Deine Hände sind schon taub,
hast Salz in deinen Augen,
zwischen Tränen und Staub,
fällt es schwer noch dran zu glauben,
hast dein Leben lang gewartet,
hast die Wellen nie gezählt,
hast das alles nicht gewollt,
du hast viel zu schnell gelebt.

Jetzt kommt sie langsam auf dich zu,
das Wasser schlägt dir ins Gesicht,
du siehst dein Leben wie ein Film,
du kannst nicht glauben, dass sie bricht.

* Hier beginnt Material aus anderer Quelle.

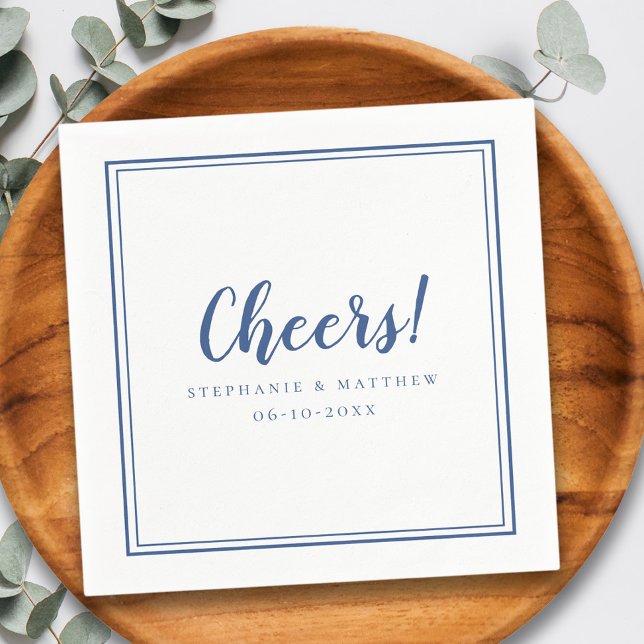 Cheers Wedding Celebrations Modern Navy Blue Napkin (Cheers Wedding Celebrations Modern Navy Blue Napkins)
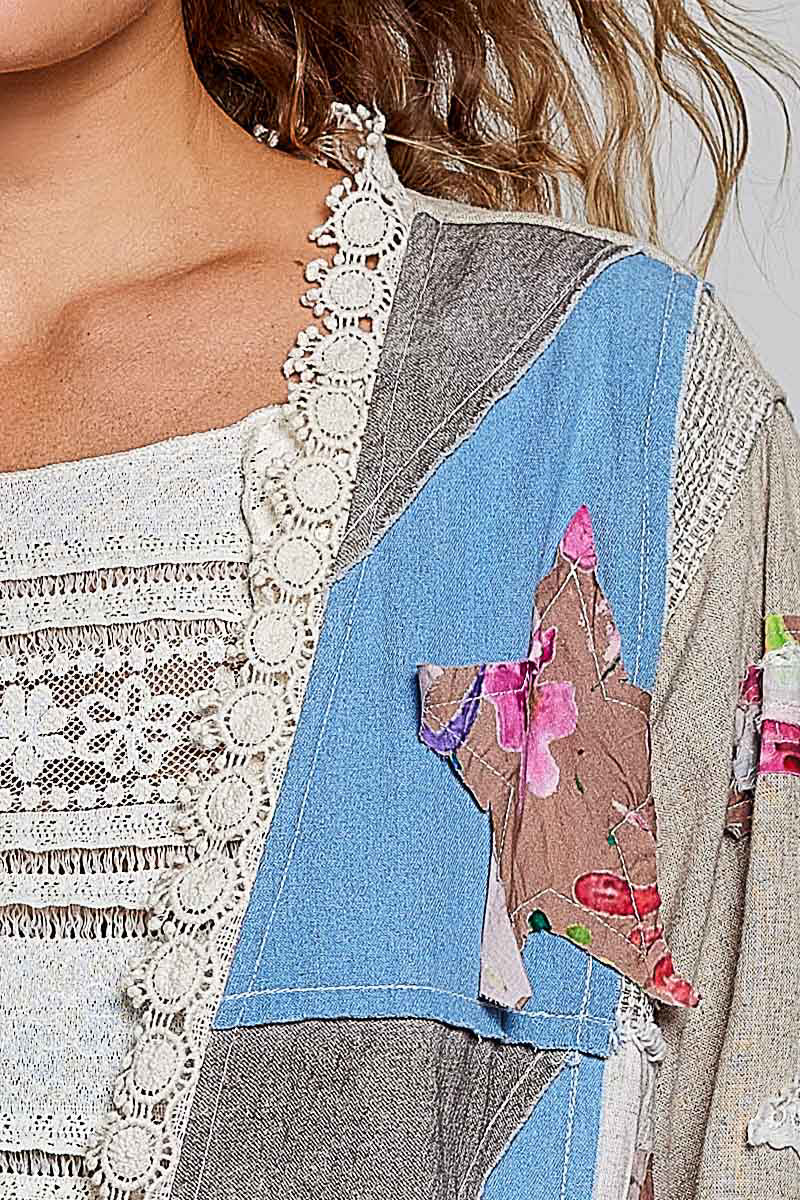POL Clothing mixed fabric open front duster cardigan detail view 11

Das ist die perfekte Welle,
das ist der perfekte Tag,
lass dich einfach von ihr tragen,
denk am besten gar nicht nach.

Das ist die perfekte Welle,
das ist der perfekte Tag,
es gibt mehr als du weißt,
es gibt mehr als du sagst.

Stellst dich in den Sturm und schreist,
ich bin hier, ich bin frei,
alles was ich will ist Zeit,
ich bin hier, ich bin frei!
Stellst dich in den Sturm und schreist,
ich bin hier, ich bin frei,
ich bin hier, ich bin frei.

Das ist die perfekte Welle

Das ist die perfekte Welle,
das ist der perfekte Tag,
lass dich einfach von ihr tragen,
denk am besten gar nicht nach.

Das ist die perfekte Welle,
das ist der perfekte Tag,
es gibt mehr als du weißt,
es gibt mehr als du sagst.

Das ist die perfekte Welle,
das ist der perfekte Tag dafür.
Das ist die perfekte Welle,
das ist der perfekte Tag.

Die Bilder, mit denen der Text seine Erlebniswelt eröffnet, weisen in eine eindeutige Richtung: Wellen, Sand, Sturm, das Brett. Die Worte fügen sich zu einem schlüssigen Bild, zu einem Bild von einem Surfer. Mit langen Haaren und kurzen Hosen harrt er am Strand der Wellen, die da kommen mögen und wartet auf Perfektion. Und dann kommt sie: Von der Musik unterstützt, die sich zunächst leise anschleicht, um sich anschließend beinahe wild zu entladen, rollt sie langsam heran, das Wasser schlägt dir ins Gesicht. Das ist sie. Sie ist wunderschön. Die Perfekte Welle. Was lange währt, wird endlich gut. Eine Erfolgsstory. Das perfekte Lied für einen Tag am Meer, die perfekte Surfer-Hymne.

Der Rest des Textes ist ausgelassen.